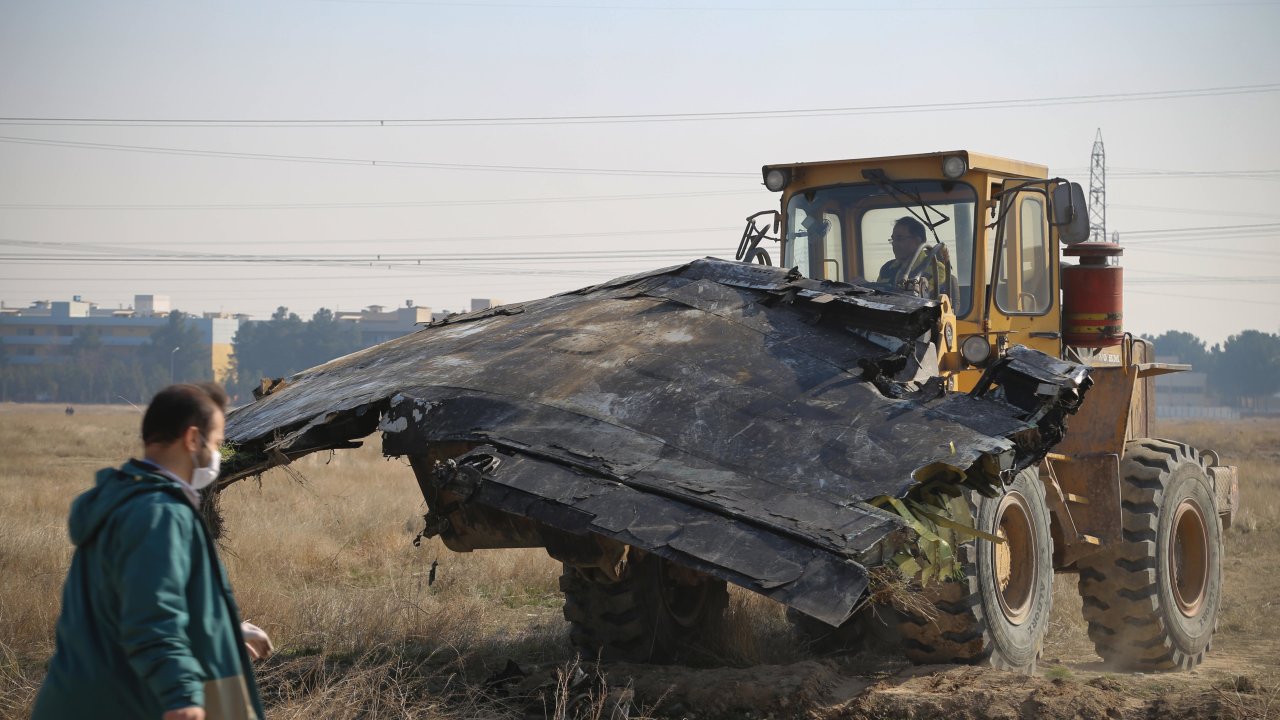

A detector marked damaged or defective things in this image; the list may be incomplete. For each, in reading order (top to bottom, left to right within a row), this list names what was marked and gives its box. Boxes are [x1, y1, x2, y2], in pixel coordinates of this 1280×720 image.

charred metal sheet [220, 256, 1090, 622]
wrecked aircraft panel [222, 256, 1090, 622]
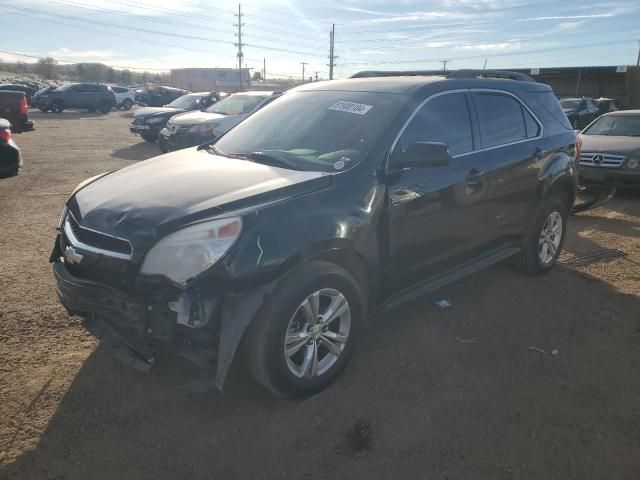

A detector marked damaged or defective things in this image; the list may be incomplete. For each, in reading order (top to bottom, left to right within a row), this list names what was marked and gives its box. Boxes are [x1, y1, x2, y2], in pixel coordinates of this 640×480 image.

crumpled hood [576, 135, 640, 156]
crumpled hood [72, 148, 328, 246]
damaged front bumper [51, 258, 268, 390]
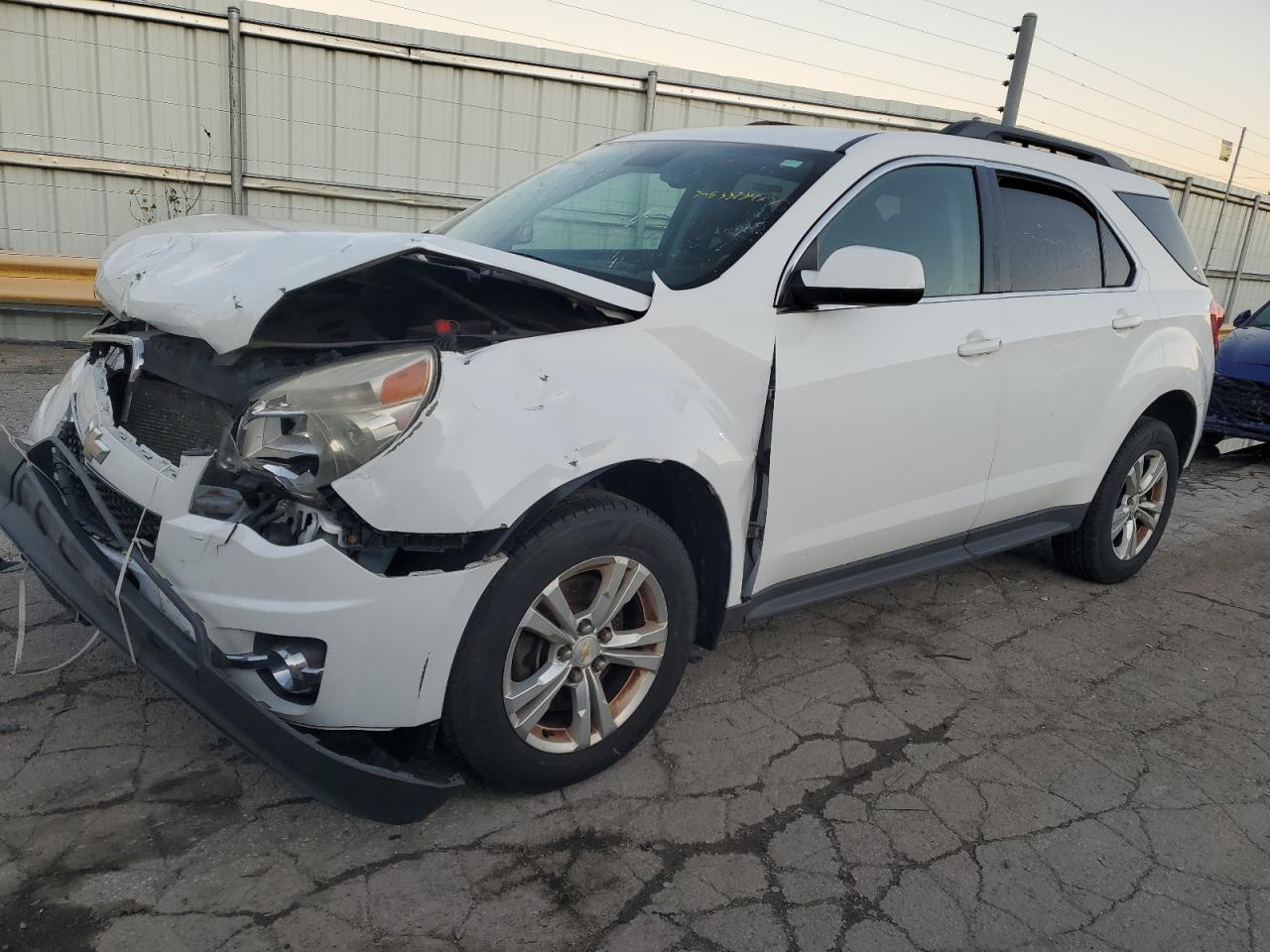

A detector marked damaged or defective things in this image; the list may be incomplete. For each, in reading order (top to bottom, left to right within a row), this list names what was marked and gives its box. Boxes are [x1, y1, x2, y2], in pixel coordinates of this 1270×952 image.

detached front bumper [0, 436, 464, 822]
damaged front end [5, 222, 645, 822]
broken headlight [236, 347, 439, 492]
crumpled hood [96, 214, 655, 352]
damaged white suv [0, 117, 1213, 822]
cracked asphalt [2, 342, 1270, 952]
crumpled hood [1213, 327, 1270, 383]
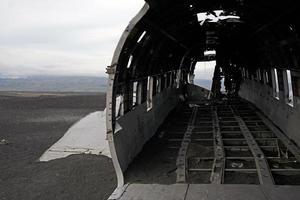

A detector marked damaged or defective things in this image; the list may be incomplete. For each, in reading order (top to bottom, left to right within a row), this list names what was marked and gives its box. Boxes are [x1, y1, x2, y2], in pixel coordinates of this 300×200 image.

rusted metal frame [175, 106, 198, 183]
rusted metal frame [210, 106, 226, 184]
rusted metal frame [230, 105, 274, 185]
rusted metal frame [255, 111, 300, 162]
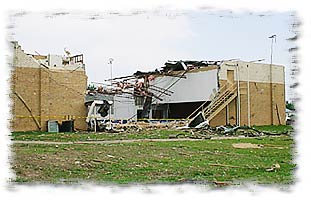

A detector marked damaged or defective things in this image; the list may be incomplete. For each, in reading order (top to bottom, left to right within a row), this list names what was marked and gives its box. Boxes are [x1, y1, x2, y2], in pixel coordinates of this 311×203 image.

damaged building [10, 41, 88, 132]
damaged building [126, 59, 286, 127]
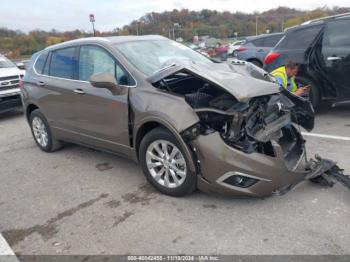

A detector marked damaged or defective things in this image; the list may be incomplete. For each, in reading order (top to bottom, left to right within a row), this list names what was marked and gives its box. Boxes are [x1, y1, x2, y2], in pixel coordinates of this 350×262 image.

damaged buick envision [21, 35, 348, 198]
bent hood [146, 60, 280, 102]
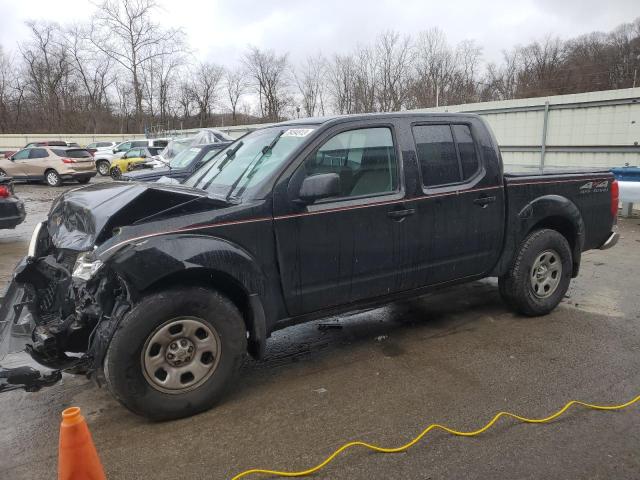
-------------------------
ACTION ITEM: Leave out the pictures and print each record exactly as it stands.

RESPONSE BELOW:
A detector marked damaged or defective things in this image; the list may be incomplete. For each, in reading order (top to bottom, left to right within a row), this list names what was marked and gives its box. Boxes are [x1, y1, x2, y2], in pixel coordinates of this 1280×720 image.

charred metal sheet [220, 256, 1090, 622]
wrecked aircraft panel [222, 256, 1090, 622]

A detector marked damaged or defective things in this image; the list may be incomplete. For each, in reading order (top to bottom, left to right within a row), this list names what was marked and gives its box. Boxes are [x1, y1, x2, y2], in pixel coordinates of this 640×480 image.

crumpled hood [576, 135, 640, 156]
crumpled hood [72, 148, 328, 246]
damaged front bumper [51, 258, 268, 390]

A detector marked damaged or defective things in this image; the list may be incomplete. For each, in reading order (top to bottom, left to right within a row), this list names what was marked and gives its box. Boxes are [x1, y1, x2, y2], in pixel coordinates of this 1270×952 image.

detached front bumper [0, 436, 464, 822]
damaged front end [5, 222, 645, 822]
broken headlight [236, 347, 439, 492]
crumpled hood [96, 214, 655, 352]
damaged white suv [0, 117, 1213, 822]
cracked asphalt [2, 342, 1270, 952]
crumpled hood [1213, 327, 1270, 383]

A detector marked damaged or defective things in this image; the list may be incomplete. For each, in reading order (top to bottom, left to right within a row), this list names what was marked and gives its box. Boxes are [x1, y1, x2, y2], in pixel coordinates of this 300×200 image.

rusted metal frame [175, 106, 198, 183]
rusted metal frame [210, 106, 226, 184]
rusted metal frame [230, 105, 274, 185]
rusted metal frame [255, 111, 300, 162]

A detector marked damaged or defective things in this image; the list may be incomplete. For each, in reading order (top to bottom, left to right within a row), this list names what was marked and gives its box. Boxes are [x1, y1, x2, y2], in pixel coordinates of this 311×203 image.

damaged building [10, 41, 88, 132]
damaged building [126, 59, 286, 127]

A detector marked damaged or defective things in this image; the list may be incomplete. For each, in reading order (top to bottom, left to right within a row), this list names what was marked and gives its box. Boxes are [x1, y1, x2, y2], in pixel coordinates of this 350×262 image.

damaged buick envision [21, 35, 348, 198]
bent hood [146, 60, 280, 102]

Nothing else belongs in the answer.